## Extracted records
☆ ☆ ☆ ☆ ☆ ☆ ☆

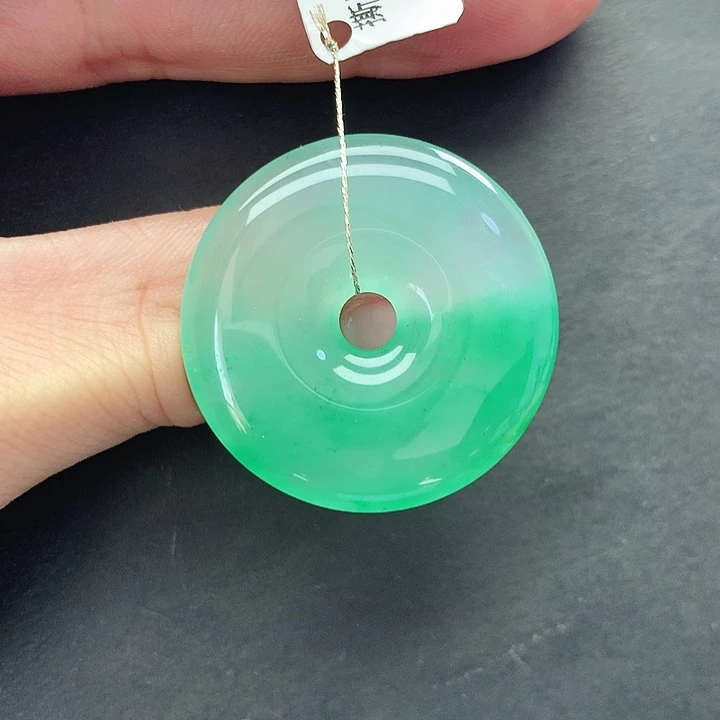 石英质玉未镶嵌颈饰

☆ ☆ ☆ ☆ ☆ ☆ ☆

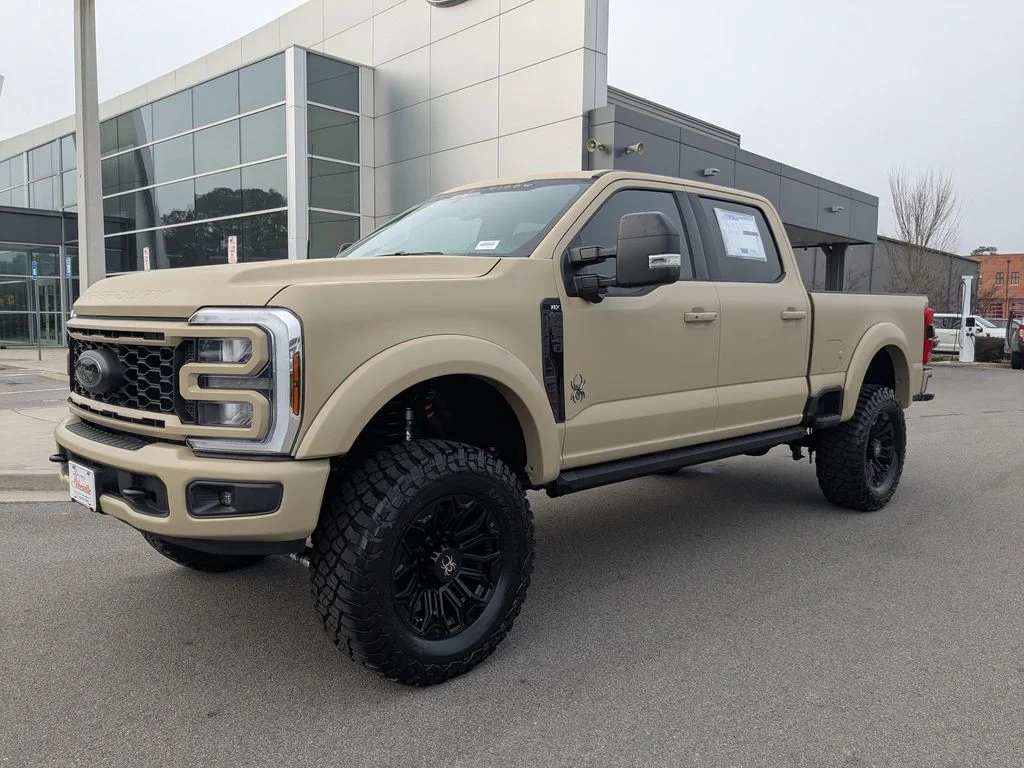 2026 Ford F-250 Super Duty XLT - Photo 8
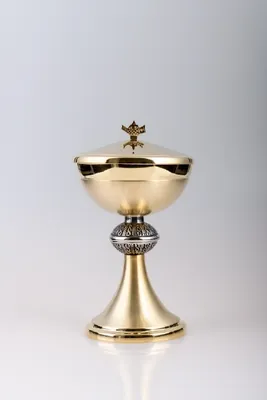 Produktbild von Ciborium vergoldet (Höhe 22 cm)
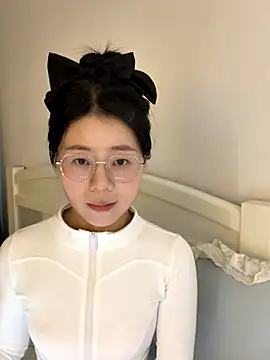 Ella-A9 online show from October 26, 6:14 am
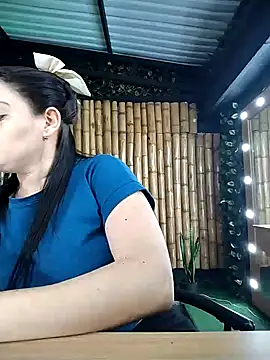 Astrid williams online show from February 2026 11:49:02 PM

☆ ☆ ☆ ☆ ☆ ☆ ☆

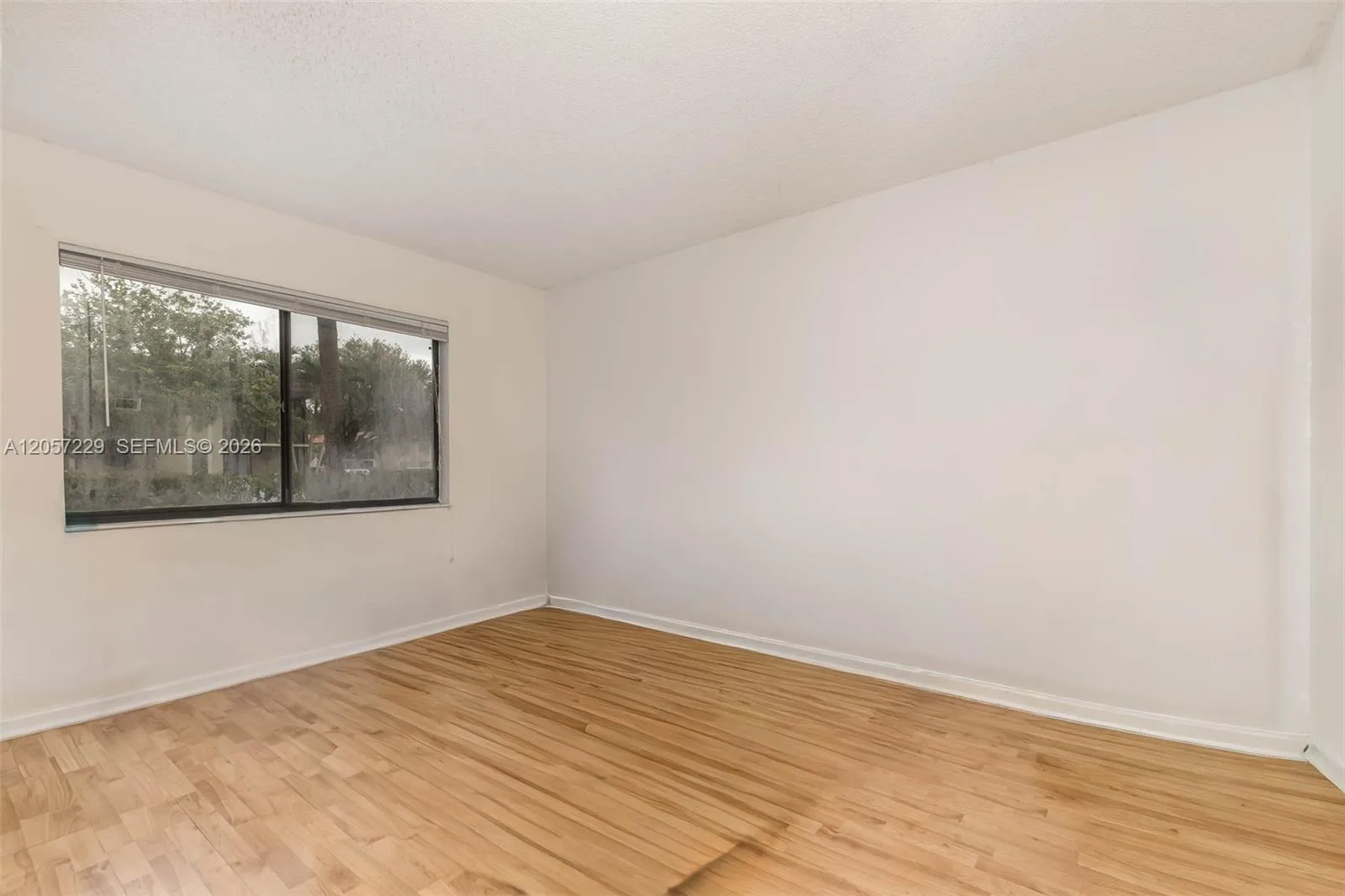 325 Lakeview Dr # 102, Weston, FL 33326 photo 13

☆ ☆ ☆ ☆ ☆ ☆ ☆

## Task item
What is wanted is an exact copy of the lines above from the one containing "Ella-A9 online show from October 26, 6:14 am" through the one containing "Astrid williams online", with no pictures in it.

## Response area
 Ella-A9 online show from October 26, 6:14 am
 Astrid williams online show from February 2026 11:49:02 PM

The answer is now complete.